Jennings has always played with his sound a bit, which is admirable but has in the past led to disastrous, if interesting, results. Occasionally, his experiments succeed and there is a successful example on the album – “Some Say I’m Not” is an almost tribal dirge with a soaring, prolonged chorus. On the other hand, “Where the Sun Had Been” is buried in production, replete with a synthetic choir, and so definitively lacks the beauty found so regularly on his earliest albums. The theme of the song is dark but the message is lost because the production makes the song inaccessible and a hard listen.

Jennings’ lyrics have also always been hit or miss: sometimes they are breathtakingly complicated (“If You Need a Reason”, which also features a gorgeous wordless vocal breakdown) and one would think the song would suffer as a result, but he somehow pulls and shapes them into something beautiful; other times, however, they can be rife with cliché and/or awkward (“Which Way Your Heart Will Go” with lines like “silver swing-set shining”). In the past, some of his best lyrical work was found in politically themed songs (“Black Panther” or “Dr. King”, both from Birds Flying Away; “Ballad of Paul and Sheila” from Use Your Voice) and those same songs came from some deeper anger in Jennings, but that urge has been mostly replaced by softer, more romantic yearnings on this new album. The weakest song on Boneclouds is the most topical one, the aforementioned “Where the Sun Had Been”.

Of extra note is the iTunes exclusive track “Things Change”. I don’t know if it was intentional or not, but Jennings wrote a song titled so closely to a recent Dylan song (“Things Have Changed”) that it will only increase the comparisons already being drawn between the two.

Being a Mason Jennings fan dating back to the release of his first album, it’s hard for me to accept his evolution. I don’t want to deny him the ability to change, but I do lament the decisions he’s been making – his songs are either redundant, sounding much like what I’ve heard from him before, or his songs are lost and meandering, searching for some form of a new sound but still not quite finding it. He needs to leave the production box at home and get back to the band in the living room feel of his earlier albums.

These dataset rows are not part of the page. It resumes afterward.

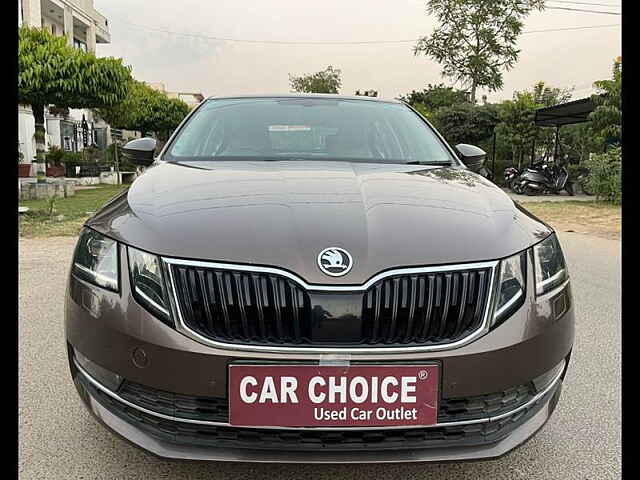 Second Hand Skoda Octavia [2017-2021] 1.8 TSI L&K in Jaipur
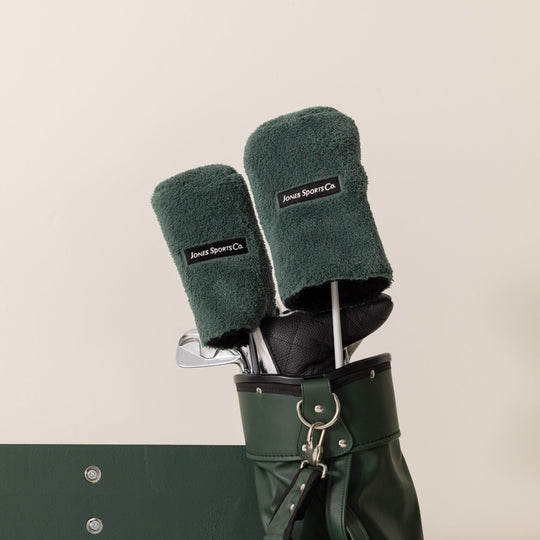 Circa '71 Headcover - Dark Green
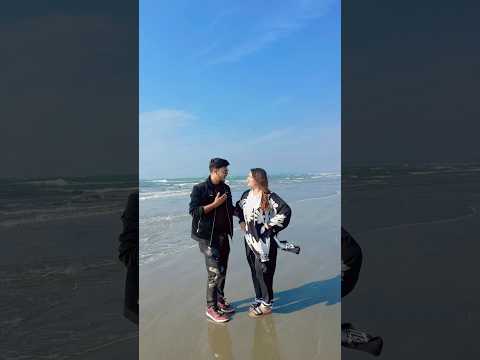 Cox’s Bazar🩵🌊 #jahaneity #youtubeshorts #trh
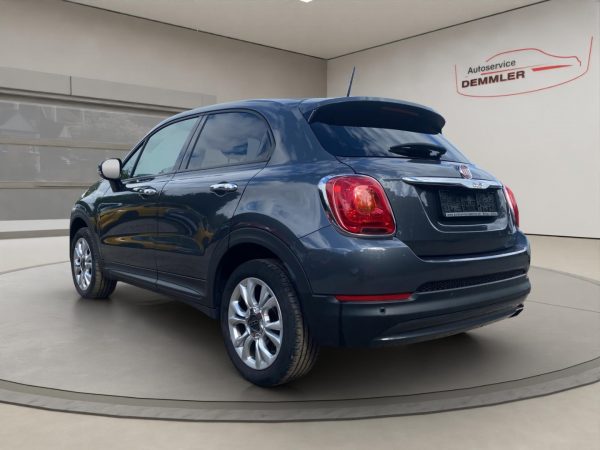 Fiat 500X Pop Star, Klima, Tempomat, Parksensoren, colore esterno (moda grau) – Bild 7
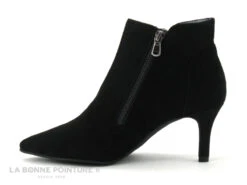 Geo Reino YNOURE Velours Noir - Bottine Pointue Talon Aiguille -France Chaussure Soldes 2024 cd24607c73b9e66c561f35ea11d5d5ef img 3760.jpg 164490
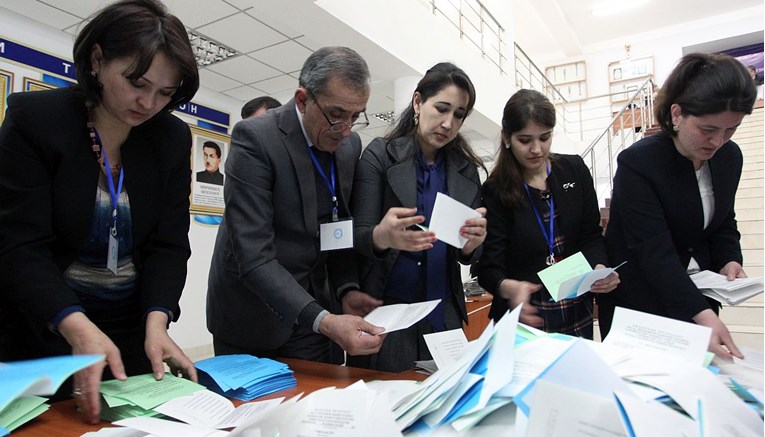 Tadžikistan danas bira predsjednika, izbori su ceremonijalnog karaktera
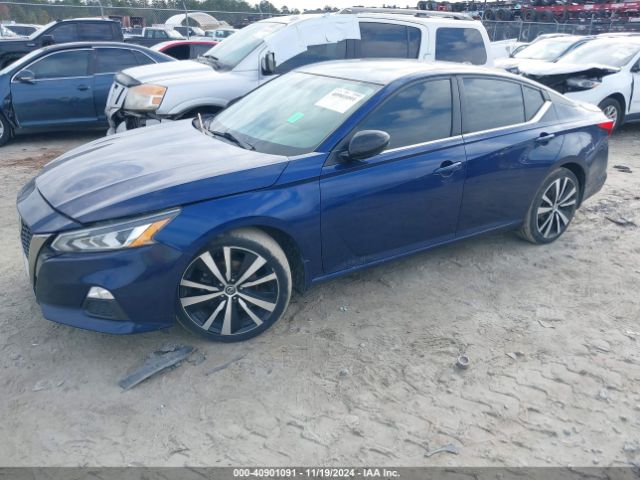 1N4BL4CW4KN317976 Nissan Altima 2.5 Sr
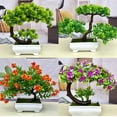 thumbnail image 3 of LingStar Artificial Flowers Wedding Home Decoration Fake Flowers Faux Plastic Plants, 3 of 8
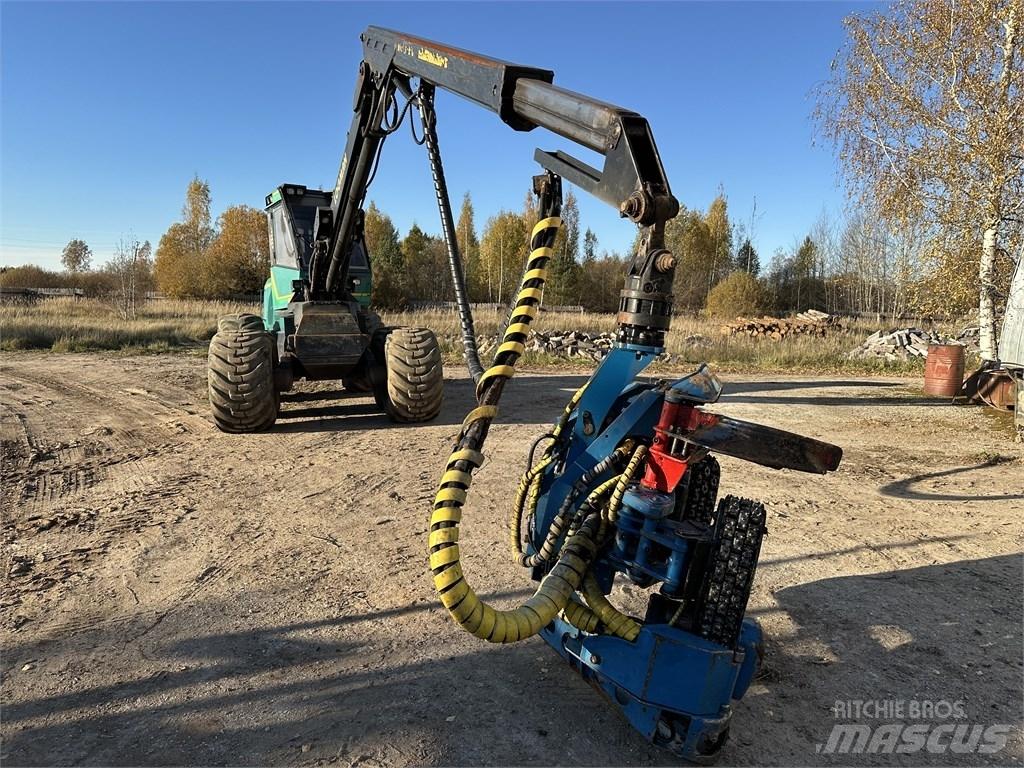 Logman 811H 收割机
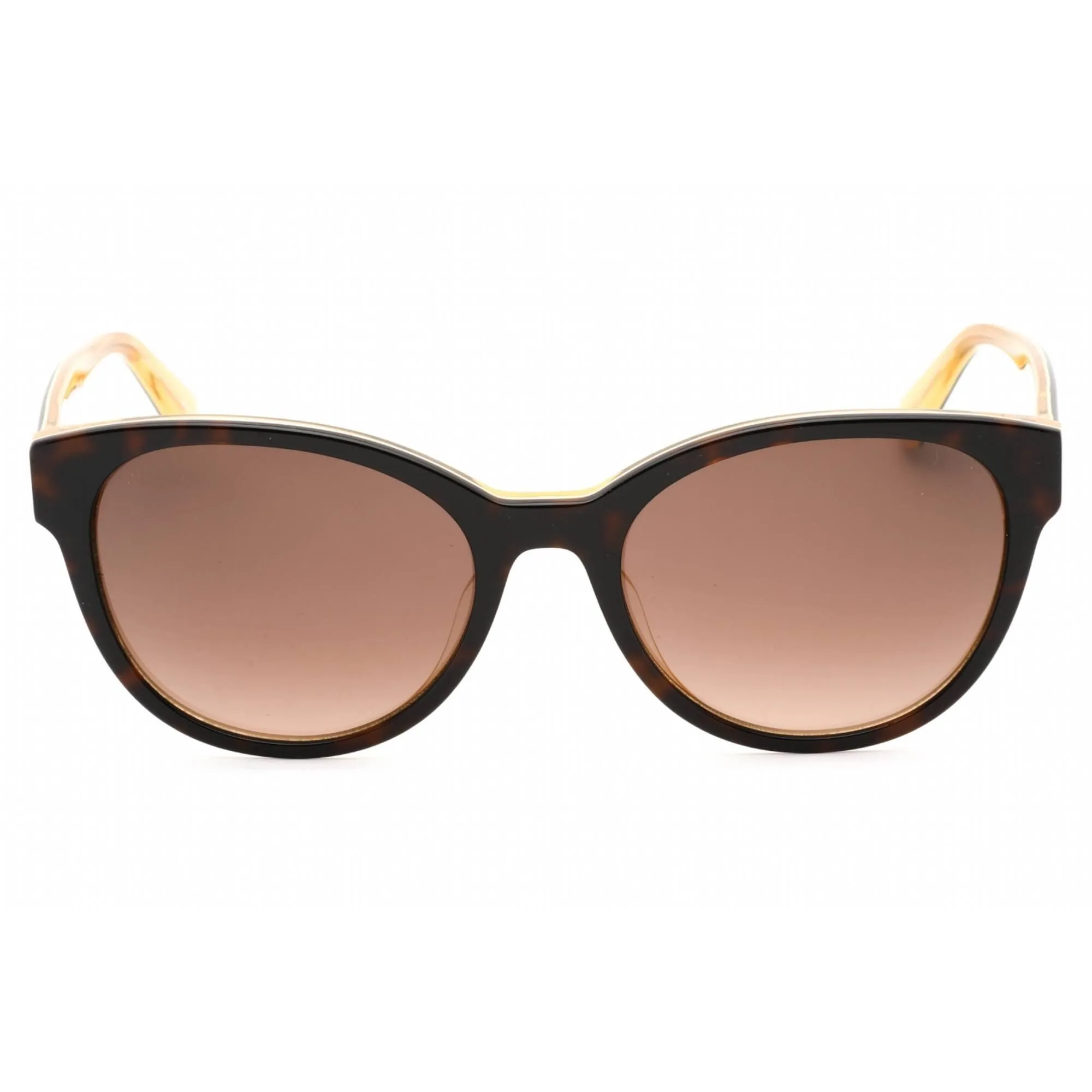 Kate Spade Women's Sunglasses - Havana Yellow Plastic Frame | NATHALIE/G/S 0HJV HA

Of course, the best songs on this album are the retreads, the ones that maintain the simplicity of his first albums, but they have a nasty habit of sounding the same – is “If You Ain’t Got Love” really that different from “If You Need a Reason”? That’s not to detract from their beauty, but he can do so much better. I almost wish Jennings would get angry and write a raging song a la “Godless” (from Mason Jennings), just to reconnect with the spirit of his younger self. These delicate love songs are all fine and good, but they also lack the fire necessary to make them fantastic.